Dia desses a gente precisou se readaptar praticamente a tudo nessa vida. Do dia a dia aos sonhos, os gestos, os desejos e os anseios. Tudo o que estava programado, de certa forma, precisou ser repensado, reorganizado, reformulado. No Sud, o pássaro verde, meu restaurante no Rio de Janeiro, fomos obrigados a mudar toda a travessia no meio do oceano. De um dia para o outro, toda a nossa operação mudou da água para vinho.
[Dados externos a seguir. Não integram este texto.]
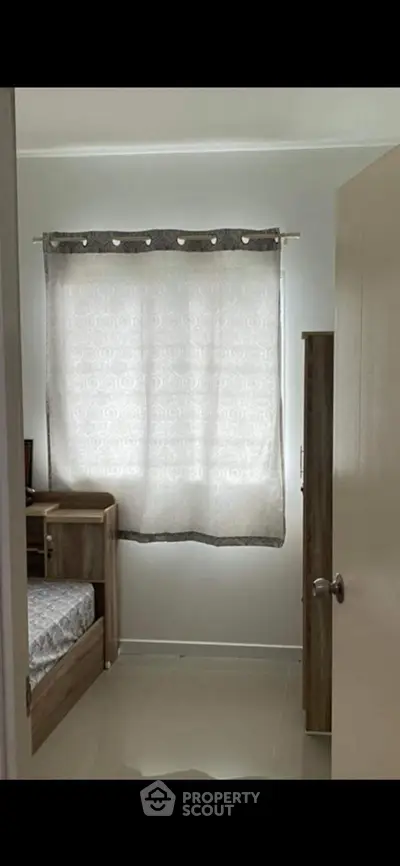 Cozy bedroom with natural light and minimalist decor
Eu, que tinha o maior preconceito com a palavra delivery – quem, eu? Mandar a minha comida dentro de uma quentinha na garupa de uma moto sacolejando pela cidade? Nem pensar, – de repente me vi imaginando maneiras de fazer a comida sair e chegar o mais íntegra possível dentro de uma quentinha.
Na verdade, eu percebi que a quentinha era uma espécie de tábua de salvação. Uma oportunidade de continuar exercendo nosso ofício, de não parar, de não desistir. As quentinhas de repente se tornaram nossos pratos. Um quadro vazio à espera de uma colherada. Desde o início, mantive a utopia – esta é uma das minhas características inegociáveis na vida, não perder de vista a tal utopia – de acreditar que seria possível reinventar esta possibilidade, sem inventar muita moda. Uma cozinha fresca, franca, artesanal e orgulhosa dos seus ingredientes, dos pequenos produtores, do mar e do pescador.
Eu tenho uma frase que me define há anos e que, hoje em dia, para a minha alegria, é repetida mundo afora por inúmeros cozinheiros: “o meu mise en place não começa na cozinha, começa no quintal do meu produtor”. Outra que eu adoro ter dito é: “quem decide o menu aqui não sou eu, é a natureza. É o mar, é o pescador”. Pois bem, dito isso, um belo dia nosso querido pescador, o Plínio, ligou e disse: “chef, tem lagosta viva”. Eu não pestanejei um minuto sequer, apenas disse: “eu quero”. Tirei fotos lindas, divulguei, vendemos tudo!
Uma grande amiga me mandou uma mensagem: “só você mesmo, Sud. Colocar uma lagosta numa quentinha”. Pensei, ué, Salvador Dalí foi muito mais ousado!